— What you need to do —
The whole listing, exactly as given: write it out, leaving out each image.

— Data provided —
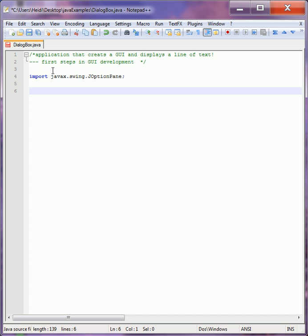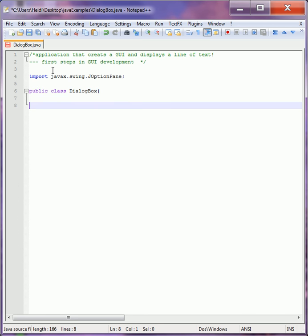And just like always we have to define a class. I'm going to name my class DialogBox because this is all we're creating to start with. We always start small. Make sure you understand these concepts before we move along.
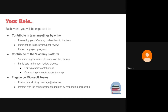Your role, if you choose to, during this internship will be to contribute in team meetings each week by either presenting your OneAcademy notes, resources you found, or your ideas to the team, participating in discussion — very important — engaging in the peer review process and discussion of others' ideas, and reporting on project progress if you choose to take on a project.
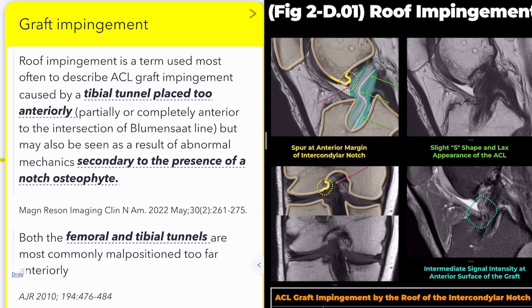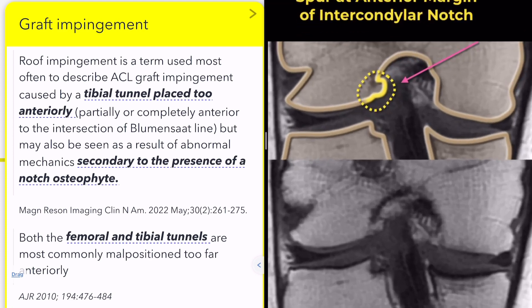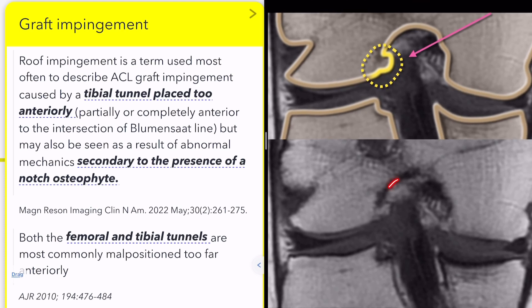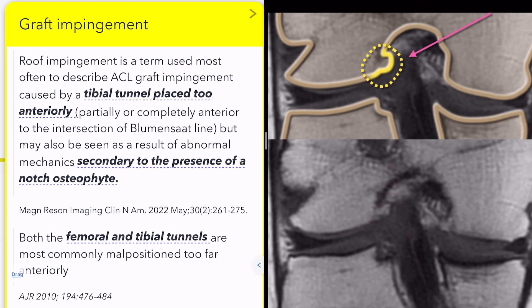Additionally, osteophytes at the intercondylar notch level can cause impingement against the graft. On a coronal image at this level, you may see a spur adjacent to the impinged ACL graft, especially well visualized on T1-weighted sequences.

— Finished task —
And just like always we have to define a class. I'm going to name my class DialogBox because this is all we're creating to start with. We always start small. Make sure you understand these concepts before we move along.
Your role, if you choose to, during this internship will be to contribute in team meetings each week by either presenting your OneAcademy notes, resources you found, or your ideas to the team, participating in discussion — very important — engaging in the peer review process and discussion of others' ideas, and reporting on project progress if you choose to take on a project.
Additionally, osteophytes at the intercondylar notch level can cause impingement against the graft. On a coronal image at this level, you may see a spur adjacent to the impinged ACL graft, especially well visualized on T1-weighted sequences.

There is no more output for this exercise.